2007年4月号 POLITICS [ポリティクス・インサイド]
根本匠首相補佐官(衆院議員)の評判が芳しくない。安倍首相、石原伸晃自民党幹事長代理、塩崎恭久官房長官とともに政策グループ「NAIS(ナイス)」を結成した仲だが、担当の経済財政政策への熱意が乏しく、官邸、与党、霞が関から失望の声があがりはじめた。経済財政担当とはいっても、経済財政諮問会議は大田弘子大臣が仕切るため、根本氏に出番はない。根本氏の役目は、首相が昨秋の所信表明で言及した「アジア・ゲートウェイ構想」の具体化。しかし、根本氏自ら辞典を引いて「ゲートウェイ」の語彙を知ったと伝えられるほど、心もとない。
昨年11月末、政府が重点予算を固める時期にインド、シンガポールに出かけ、与党内から「肝心な時にいない」と顰蹙を買った。
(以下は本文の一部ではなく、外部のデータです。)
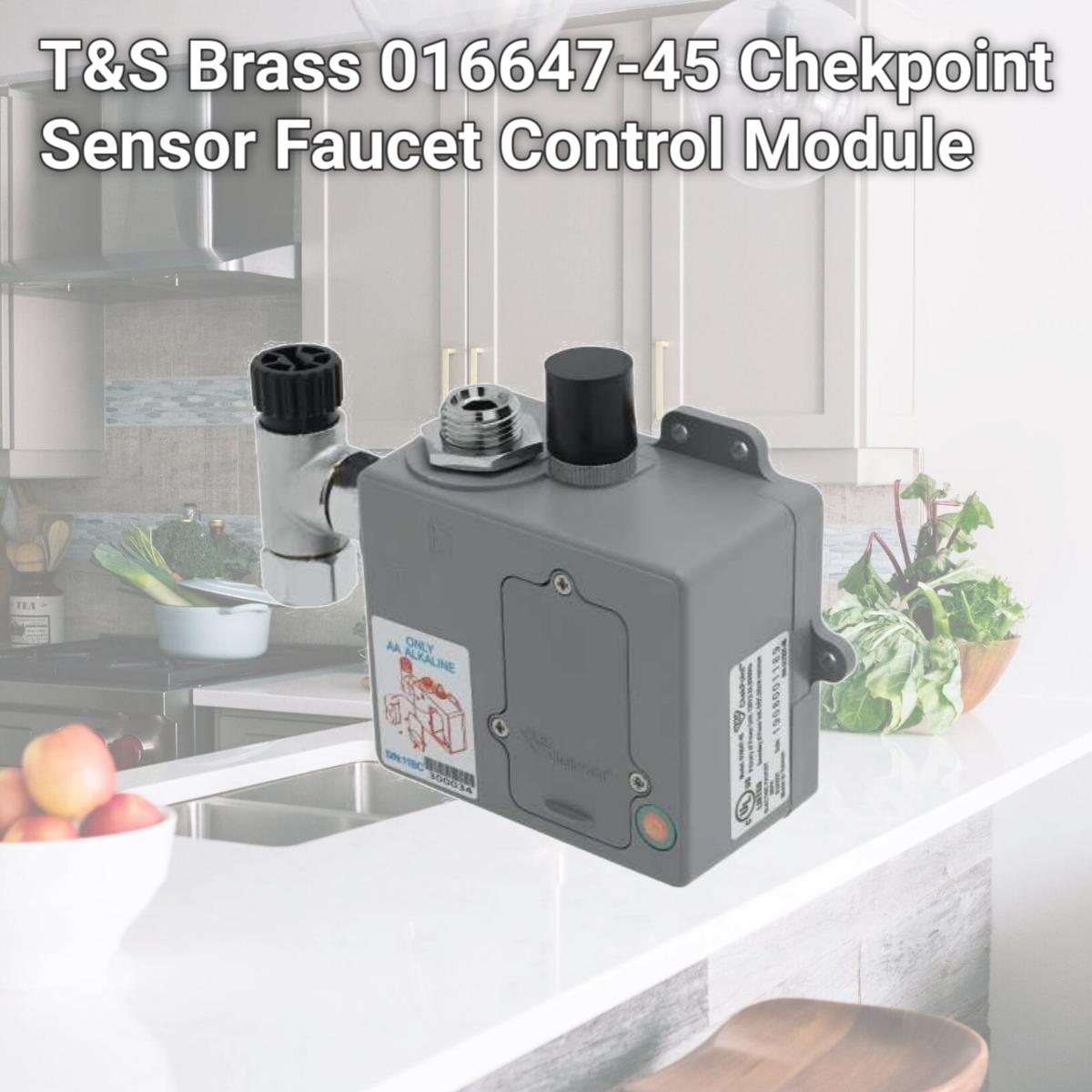 Picture of T&S Brass 016647-45 Chekpoint Sensor Faucet Control Module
年始にも香港、上海へ出かけ、担当記者に「外遊記事をもっと大きく書け」と要求する始末。遅まきながらゲートウェイ構想が看板倒れと知るや、自ら活躍の場を求めて、放送と通信の融合で注目される内閣官房の知的財産戦略本部を傘下に入れようと動き、官邸筋を唖然とさせた。「行動の原点はとにかく『目立ちたい』。首相と仲が良いから黙ってきたが、もっとまじめにやらなくちゃ」。官邸、与党内から悪評が絶えない。